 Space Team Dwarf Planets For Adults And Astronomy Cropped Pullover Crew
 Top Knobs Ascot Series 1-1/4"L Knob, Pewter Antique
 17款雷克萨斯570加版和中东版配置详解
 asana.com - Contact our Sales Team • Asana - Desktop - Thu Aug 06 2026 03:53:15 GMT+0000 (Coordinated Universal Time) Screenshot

• • • • • • •

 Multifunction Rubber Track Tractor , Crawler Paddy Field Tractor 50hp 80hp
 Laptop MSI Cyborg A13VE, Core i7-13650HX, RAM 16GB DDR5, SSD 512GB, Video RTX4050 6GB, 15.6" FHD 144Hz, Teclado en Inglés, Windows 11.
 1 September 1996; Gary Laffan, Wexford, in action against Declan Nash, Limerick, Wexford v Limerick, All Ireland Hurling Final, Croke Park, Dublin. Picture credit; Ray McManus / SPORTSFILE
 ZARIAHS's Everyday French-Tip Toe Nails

• • • • • • •

YOUR INSTRUCTIONS — The range runs from the line above containing "1 September 1996;" to the line containing "ZARIAHS's Everyday French-Tip Toe Nails", inclusive. Restate those lines word for word and no others.

YOUR SOLUTION —
 1 September 1996; Gary Laffan, Wexford, in action against Declan Nash, Limerick, Wexford v Limerick, All Ireland Hurling Final, Croke Park, Dublin. Picture credit; Ray McManus / SPORTSFILE
 ZARIAHS's Everyday French-Tip Toe Nails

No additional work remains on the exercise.